═══ Record excerpts ═══

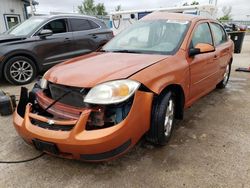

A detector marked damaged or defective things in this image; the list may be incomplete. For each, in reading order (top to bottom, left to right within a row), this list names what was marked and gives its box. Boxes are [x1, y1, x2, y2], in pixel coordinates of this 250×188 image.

crumpled hood [45, 52, 168, 87]
broken headlight assembly [83, 79, 140, 105]
damaged front bumper [14, 87, 154, 161]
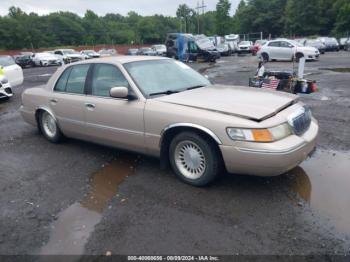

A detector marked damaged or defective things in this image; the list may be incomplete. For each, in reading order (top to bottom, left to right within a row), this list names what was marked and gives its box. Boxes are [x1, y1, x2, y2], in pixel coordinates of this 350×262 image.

damaged hood [157, 85, 296, 121]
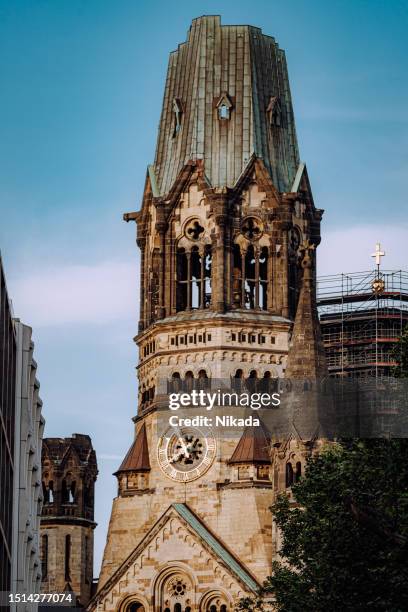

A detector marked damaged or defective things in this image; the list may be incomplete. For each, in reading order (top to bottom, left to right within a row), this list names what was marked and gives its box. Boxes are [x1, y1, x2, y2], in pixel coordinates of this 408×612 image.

damaged church tower [92, 15, 326, 612]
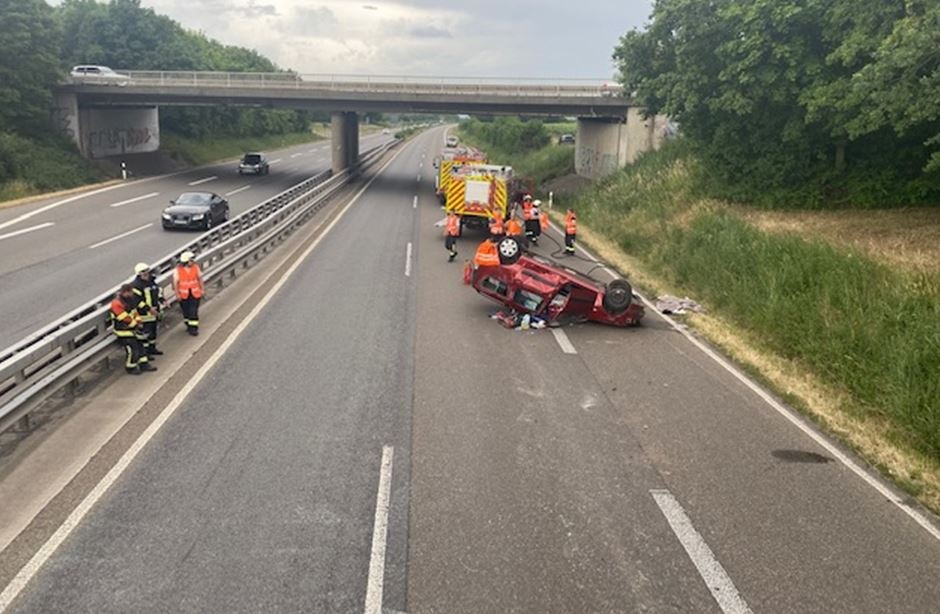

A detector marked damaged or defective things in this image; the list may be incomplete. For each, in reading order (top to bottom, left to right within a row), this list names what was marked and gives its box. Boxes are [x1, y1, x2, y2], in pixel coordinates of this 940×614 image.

overturned red car [470, 238, 648, 330]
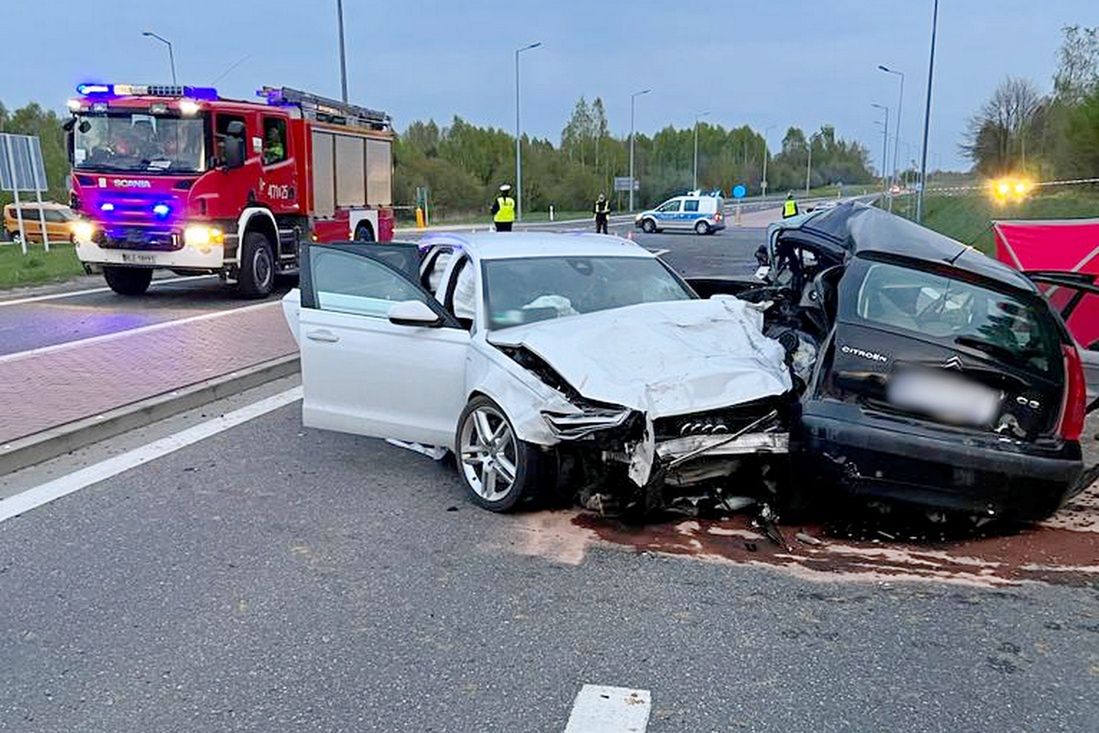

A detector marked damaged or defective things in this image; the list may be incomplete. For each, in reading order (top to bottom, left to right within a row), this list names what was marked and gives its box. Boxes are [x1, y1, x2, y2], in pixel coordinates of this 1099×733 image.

damaged rear wheel [454, 397, 549, 514]
crumpled hood [487, 294, 791, 415]
damaged front end of white car [487, 296, 791, 516]
broken bumper [800, 402, 1081, 520]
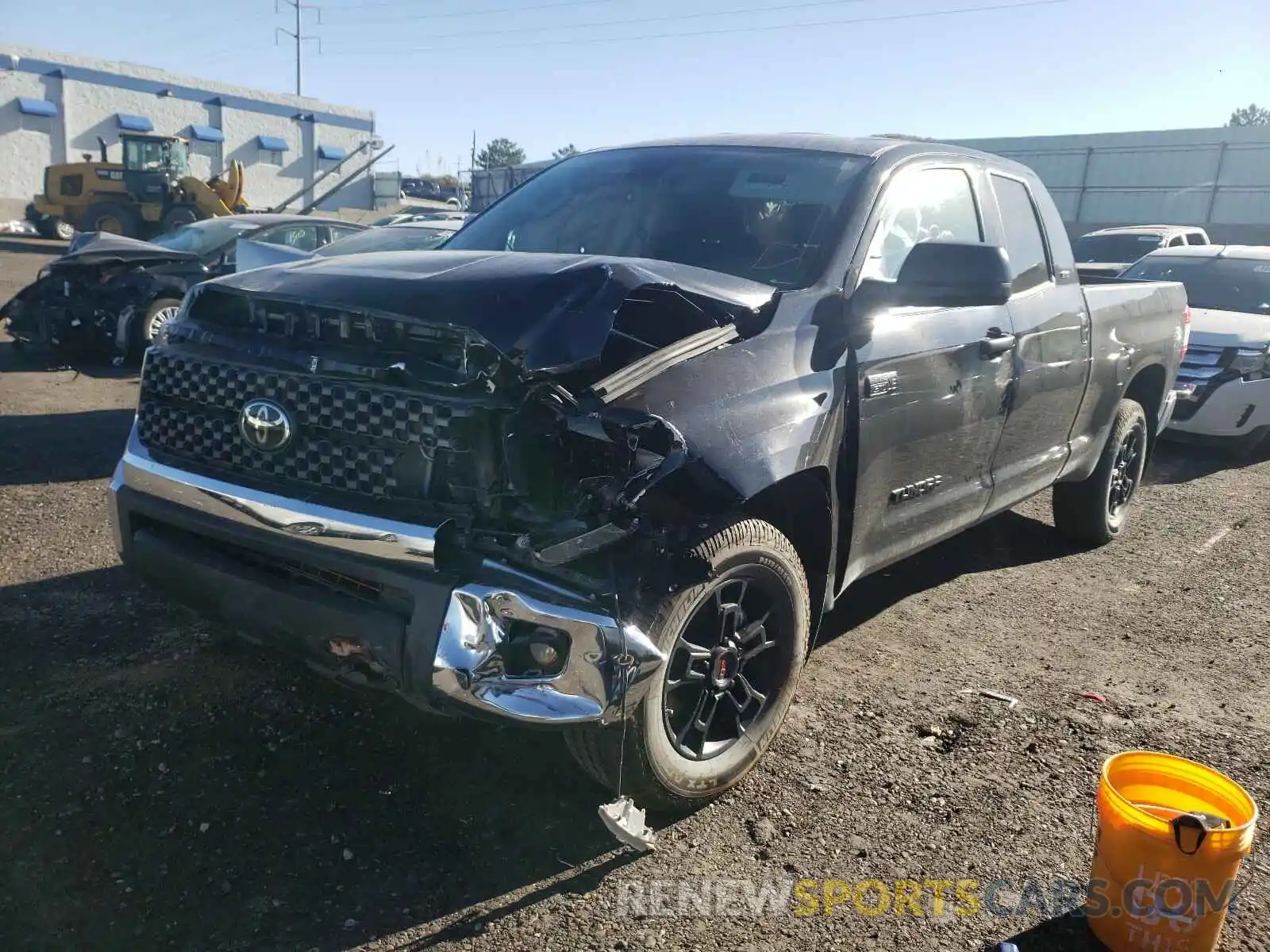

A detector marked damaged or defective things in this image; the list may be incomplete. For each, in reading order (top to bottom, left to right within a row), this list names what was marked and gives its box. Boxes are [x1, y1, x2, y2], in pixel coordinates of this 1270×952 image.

crumpled hood [54, 233, 198, 269]
dark wrecked sedan [2, 214, 365, 363]
crumpled hood [200, 250, 772, 373]
crumpled hood [1188, 307, 1270, 347]
crushed front end [109, 257, 767, 726]
dark wrecked sedan [109, 136, 1188, 812]
damaged gray pickup truck [111, 136, 1188, 812]
broken plastic debris [960, 690, 1021, 711]
broken plastic debris [597, 792, 655, 853]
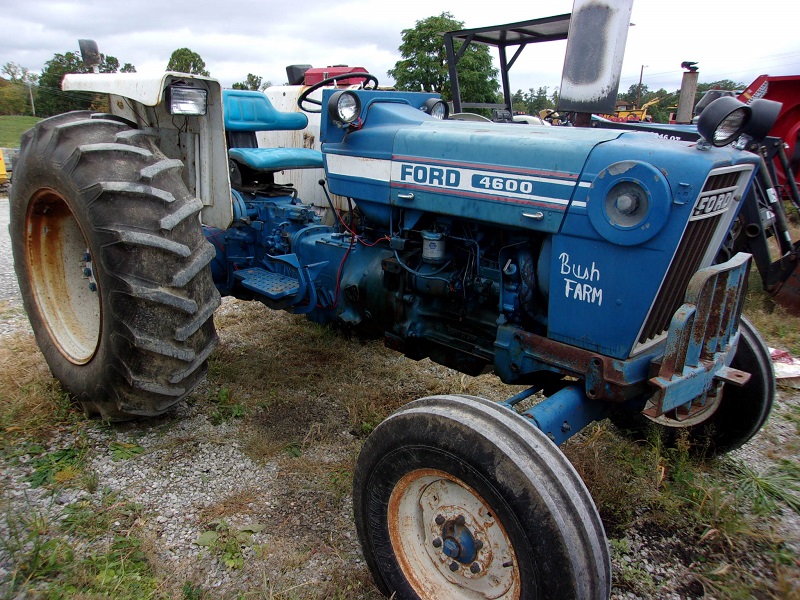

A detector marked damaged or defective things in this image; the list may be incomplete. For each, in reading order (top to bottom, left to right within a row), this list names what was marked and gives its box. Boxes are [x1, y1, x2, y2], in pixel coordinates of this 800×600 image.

rusty wheel rim [25, 190, 101, 364]
rusty wheel rim [386, 468, 520, 600]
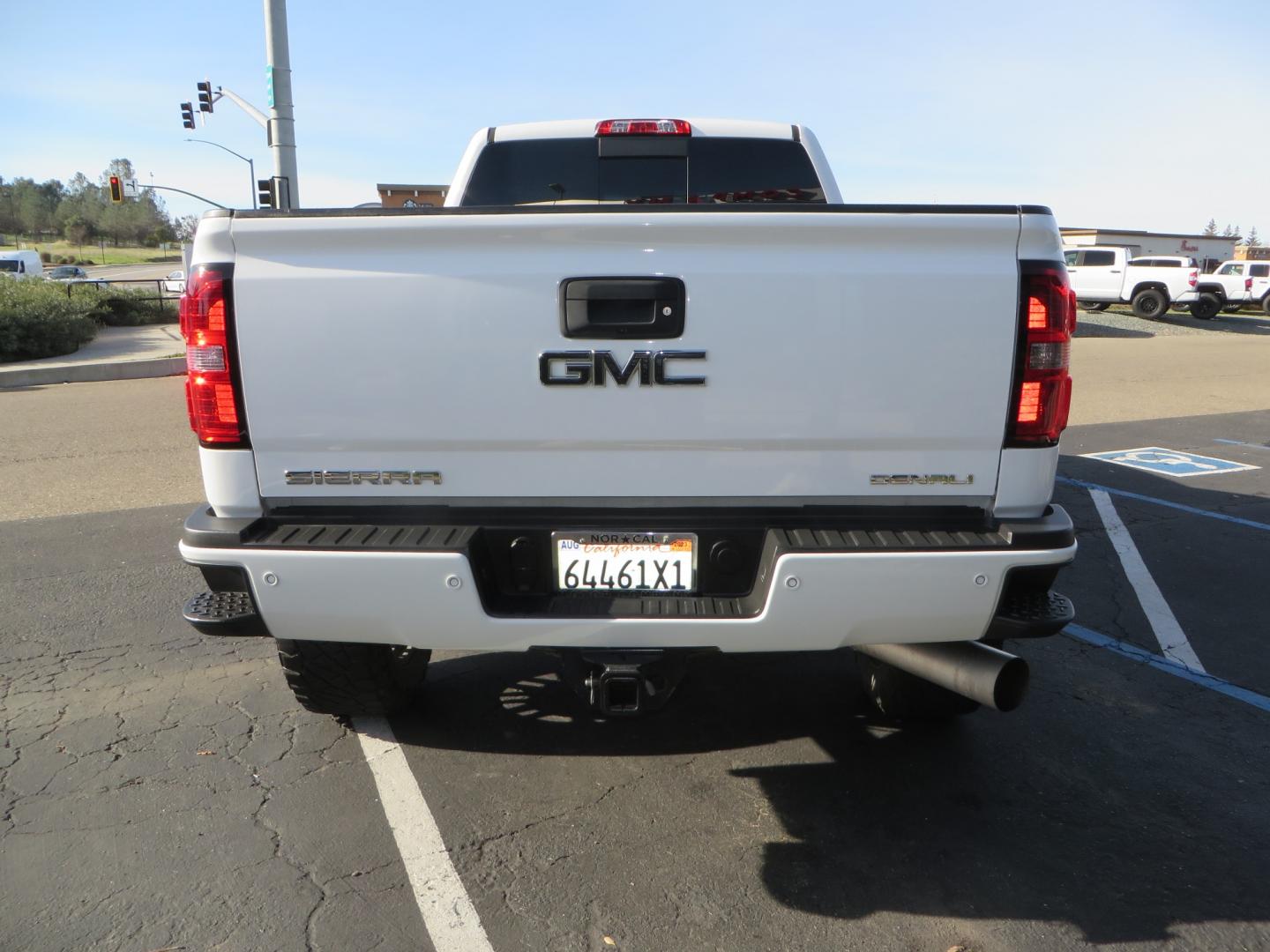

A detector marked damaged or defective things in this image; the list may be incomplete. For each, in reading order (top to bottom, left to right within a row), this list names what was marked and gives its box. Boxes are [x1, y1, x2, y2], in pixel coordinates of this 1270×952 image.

cracked pavement [2, 376, 1270, 949]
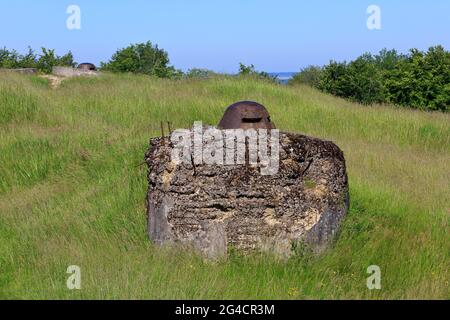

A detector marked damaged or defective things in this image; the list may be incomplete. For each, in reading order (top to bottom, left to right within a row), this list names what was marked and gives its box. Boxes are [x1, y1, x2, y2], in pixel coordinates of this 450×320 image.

rusted metal turret [218, 100, 274, 129]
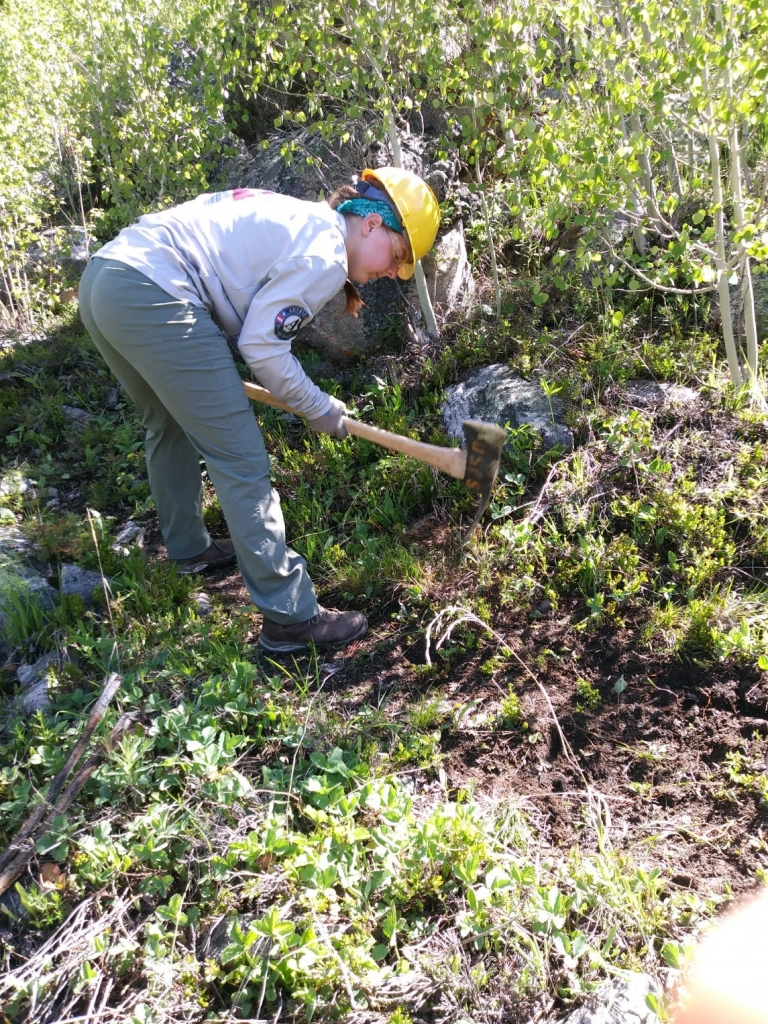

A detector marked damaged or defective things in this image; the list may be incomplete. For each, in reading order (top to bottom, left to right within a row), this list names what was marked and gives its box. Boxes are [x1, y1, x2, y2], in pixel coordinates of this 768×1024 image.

rusty metal tool head [460, 419, 507, 540]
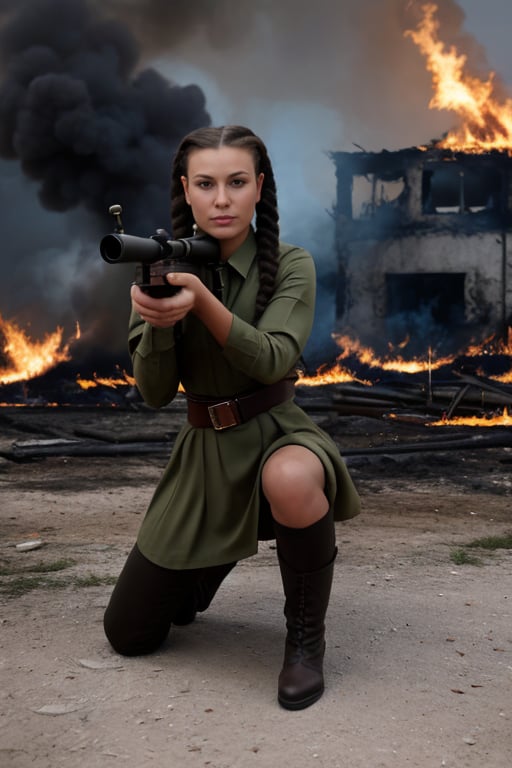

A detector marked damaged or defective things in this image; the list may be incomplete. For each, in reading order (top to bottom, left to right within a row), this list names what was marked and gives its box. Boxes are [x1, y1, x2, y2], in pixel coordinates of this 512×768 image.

charred window opening [422, 163, 502, 213]
charred window opening [386, 272, 466, 340]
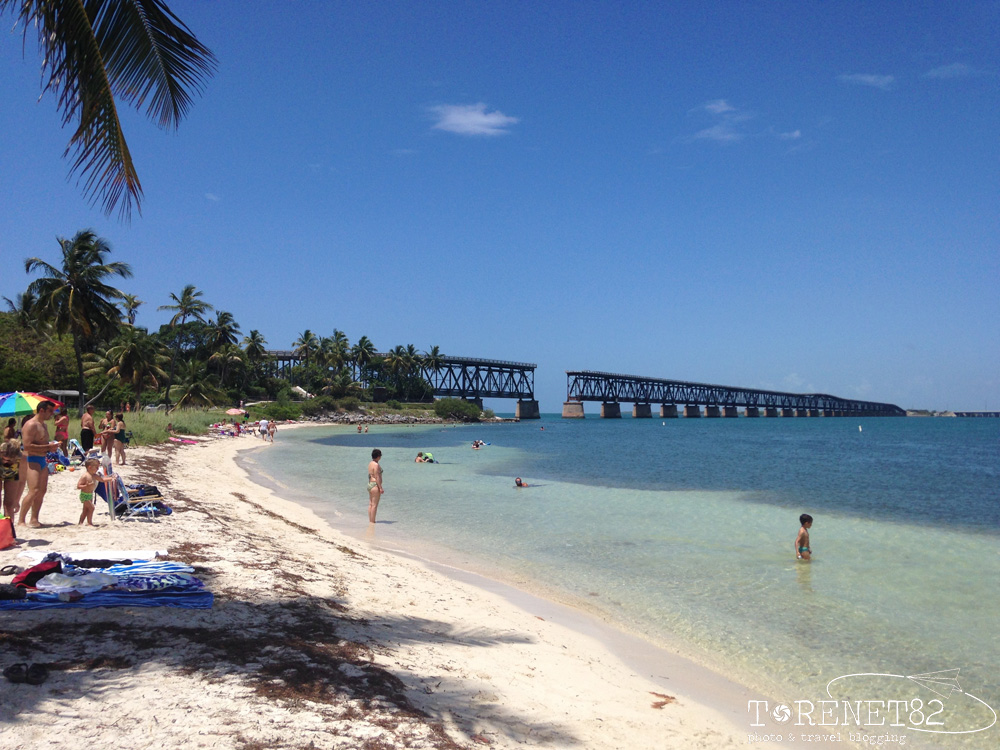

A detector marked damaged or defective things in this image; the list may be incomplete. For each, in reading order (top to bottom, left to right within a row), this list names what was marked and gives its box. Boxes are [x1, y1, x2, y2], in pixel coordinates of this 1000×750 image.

rusty steel bridge [564, 374, 908, 420]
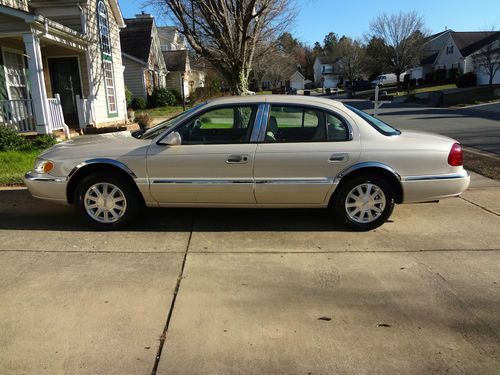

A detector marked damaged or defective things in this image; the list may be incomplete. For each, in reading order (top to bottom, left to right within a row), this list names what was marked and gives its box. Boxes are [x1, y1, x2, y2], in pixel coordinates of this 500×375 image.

driveway crack [150, 213, 195, 374]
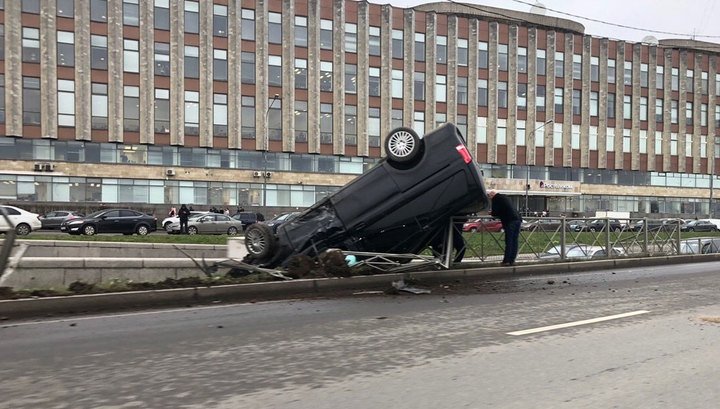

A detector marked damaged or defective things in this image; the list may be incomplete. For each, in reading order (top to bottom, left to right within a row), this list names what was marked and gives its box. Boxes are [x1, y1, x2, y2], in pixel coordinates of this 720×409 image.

═══

**Problem requirements**
Only the pictures stay behind; copy everything else in the records above exactly.

**Exercise answer**
A detector marked damaged or defective things in this image; the list may be incomplete. For each, in reading order (top to bottom, left to right within a row), this list names what was marked and gives its box. Boxes are [x1, y1, x2, y2], in pixel coordinates of this 250×188 image.

crumpled hood [45, 52, 168, 87]
broken headlight assembly [83, 79, 140, 105]
damaged front bumper [14, 87, 154, 161]

A detector marked damaged or defective things in this image; the list may be incomplete. For each, in reading order (top to bottom, left to right within a row), this list names what was marked and gives its box. Boxes are [x1, y1, x2, y2], in pixel coordinates of this 350×262 image.

damaged hood [157, 85, 296, 121]

A detector marked damaged or defective things in this image; the list may be incomplete. For each, in reading order (top to bottom, left to right within a row), this list names what was marked and gives its box. Boxes are [x1, y1, x2, y2], in pixel coordinates of this 408×612 image.

damaged church tower [92, 15, 326, 612]

A detector marked damaged or defective things in this image; the list may be incomplete. For each, in reading order (top to bottom, left to right within a row), this list names what was marked and gives its box. Boxes are [x1, y1, x2, y2], in pixel coordinates of this 940×614 image.

overturned red car [470, 238, 648, 330]

A detector marked damaged or defective things in this image; the list may be incomplete. For each, in reading order (top to bottom, left to right within a row), this list names what was marked and gives its box. Boxes are [x1, y1, x2, y2], in pixel coordinates of this 1099×733 image.

damaged rear wheel [454, 397, 549, 514]
crumpled hood [487, 294, 791, 415]
damaged front end of white car [487, 296, 791, 516]
broken bumper [800, 402, 1081, 520]

A detector marked damaged or defective things in this image; the list may be incomplete. For each, in reading order (top to bottom, left to right within a row), this list names what was marked and gives its box. Boxes are [x1, y1, x2, y2], in pixel coordinates of this 1270×952 image.

crumpled hood [54, 233, 198, 269]
dark wrecked sedan [2, 214, 365, 363]
crumpled hood [200, 250, 772, 373]
crumpled hood [1188, 307, 1270, 347]
crushed front end [109, 257, 767, 726]
dark wrecked sedan [109, 136, 1188, 812]
damaged gray pickup truck [111, 136, 1188, 812]
broken plastic debris [960, 690, 1021, 711]
broken plastic debris [597, 792, 655, 853]

A detector marked damaged or defective things in this image; the list may be incomplete. For each, in reading order (top to bottom, left to right within a row), this list names what was marked and gives its box. Boxes are [x1, y1, x2, y2], in pixel coordinates of this 800×600 image.

rusty wheel rim [25, 190, 101, 364]
rusty wheel rim [386, 468, 520, 600]

A detector marked damaged or defective things in this image; the list may be incomplete. For each, in reading order (top to bottom, left to right within a row), this list names what was marked and gives its box. Boxes are [x1, y1, x2, y2], in pixel coordinates of this 1270×952 image.

cracked pavement [2, 376, 1270, 949]

A detector marked damaged or defective things in this image; the list may be incomplete. For each, in reading order (top to bottom, left to right within a row), this list names what was marked and gives its box. Boxes are [x1, y1, x2, y2], in pixel coordinates of this 450×320 image.

rusted metal turret [218, 100, 274, 129]

A detector marked damaged or defective things in this image; the list may be incomplete. For each, in reading order (top to bottom, left to right within a row), this list names what was marked and gives its box. Boxes are [x1, y1, x2, y2], in pixel coordinates of this 768×1024 image.

rusty metal tool head [460, 419, 507, 540]

A detector marked damaged or defective things in this image; the list may be incomplete. For each, in reading order (top to bottom, left to right within a row), this list names what was marked and gives its box. Boxes are [x1, y1, x2, y2], in pixel coordinates of this 512×768 image.

charred window opening [422, 163, 502, 213]
charred window opening [386, 272, 466, 340]

A detector marked damaged or defective things in this image; the list may be incomplete. For each, in reading order (top to bottom, left to right within a row), this list names what was marked and gives its box. Boxes are [x1, y1, x2, y2], in pixel coordinates of this 1000×750 image.

rusty steel bridge [564, 374, 908, 420]

A detector marked damaged or defective things in this image; the list may be incomplete. For each, in reading order (top to bottom, left to right within a row), this list names what was marked and gives its box. Boxes are [x1, y1, x2, y2], in pixel coordinates of this 500×375 image.

driveway crack [150, 213, 195, 374]

A detector marked damaged or defective things in this image; the list may be incomplete. For each, in reading order (top to bottom, left to right within a row), this list names what was marked and gives its box. Boxes are [x1, y1, x2, y2], in pixel coordinates of this 720×409 image.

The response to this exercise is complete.